*TASK TO CARRY OUT*:
Nothing but the records, transcribed verbatim and stripped of images, should appear in the answer.

*DATA SUPPLIED*:
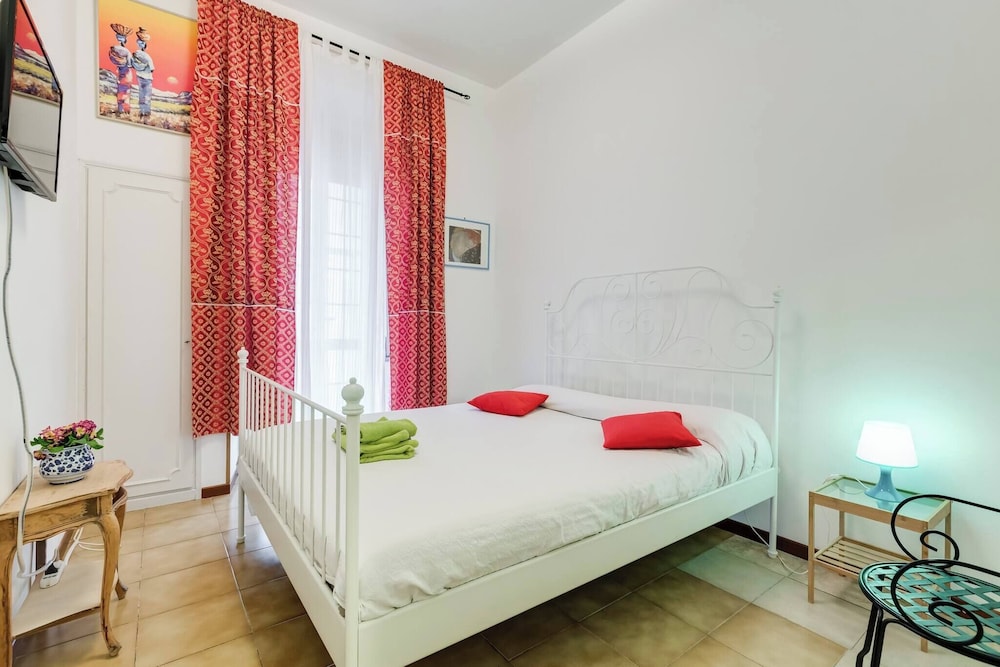 Casa Vacanza Home Sweet Home di Fatha — 4-Star Luxury Hotel in Rome, Italy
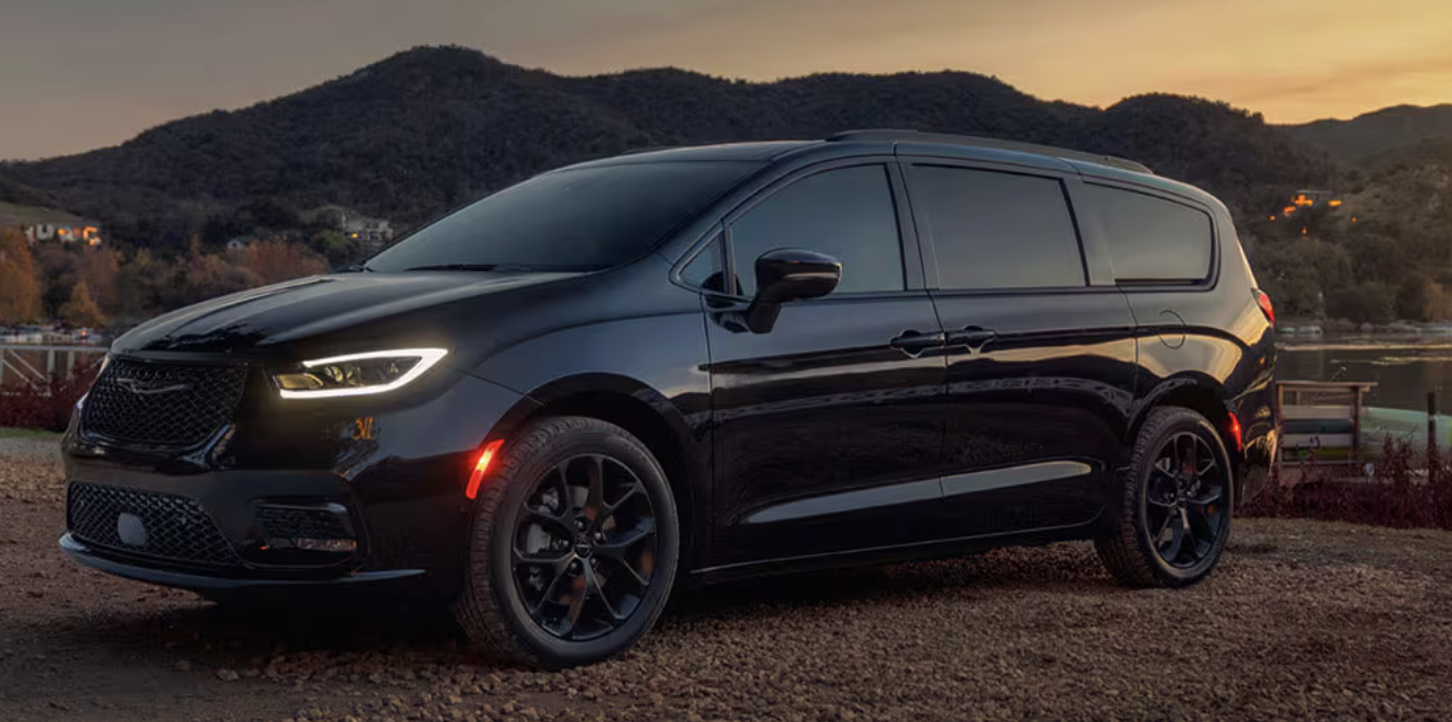 2026 Chrysler Pacifica for sale in Tustin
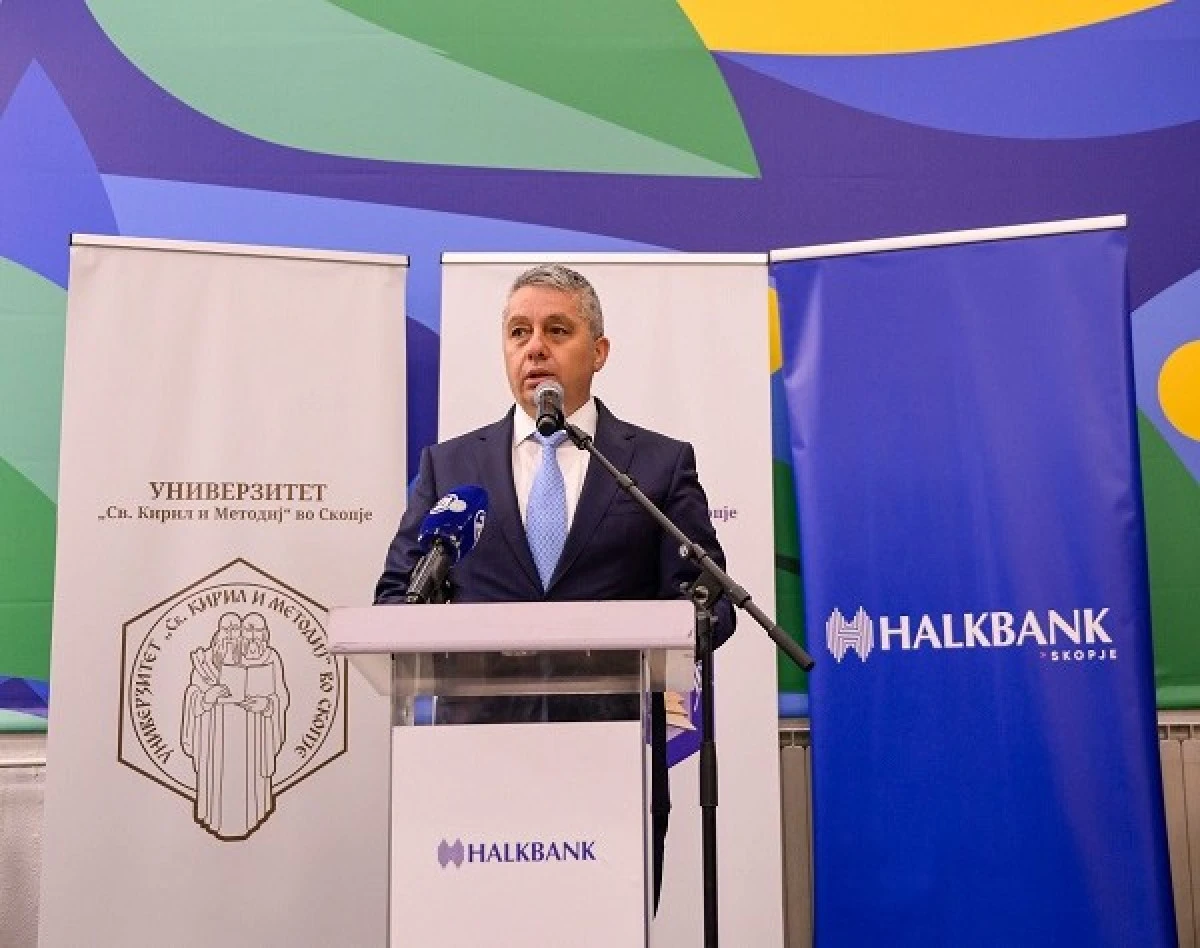 Fatih Şahbaz: Bir mek&acirc;nı değil, &ouml;ğrencilerin geleceğini destekliyoruz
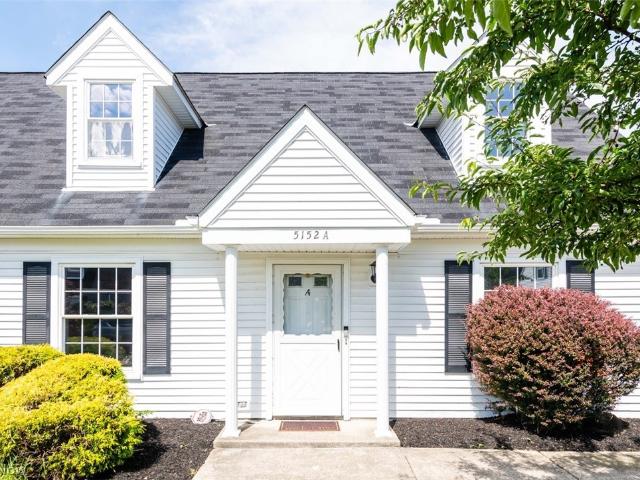 Condo for sale in Willoughby, Ohio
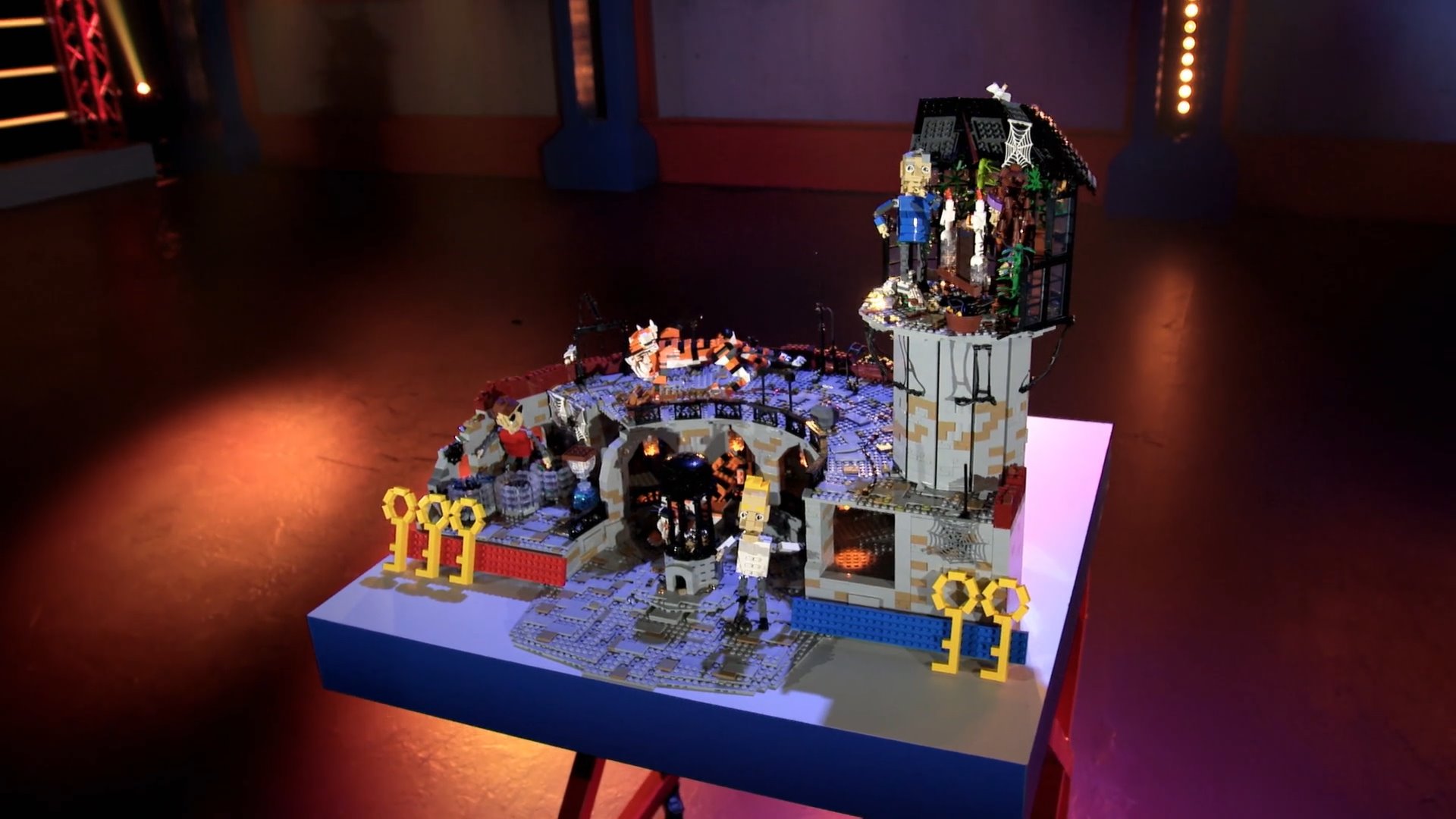LEGO Masters Sweden Season 2  – TV Show Challenge - Jonas and Liv - Prisoners At The Fort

*SOLUTION TO THIS TASK*:
 Casa Vacanza Home Sweet Home di Fatha — 4-Star Luxury Hotel in Rome, Italy
 2026 Chrysler Pacifica for sale in Tustin
 Fatih Şahbaz: Bir mek&acirc;nı değil, &ouml;ğrencilerin geleceğini destekliyoruz
 Condo for sale in Willoughby, Ohio
LEGO Masters Sweden Season 2  – TV Show Challenge - Jonas and Liv - Prisoners At The Fort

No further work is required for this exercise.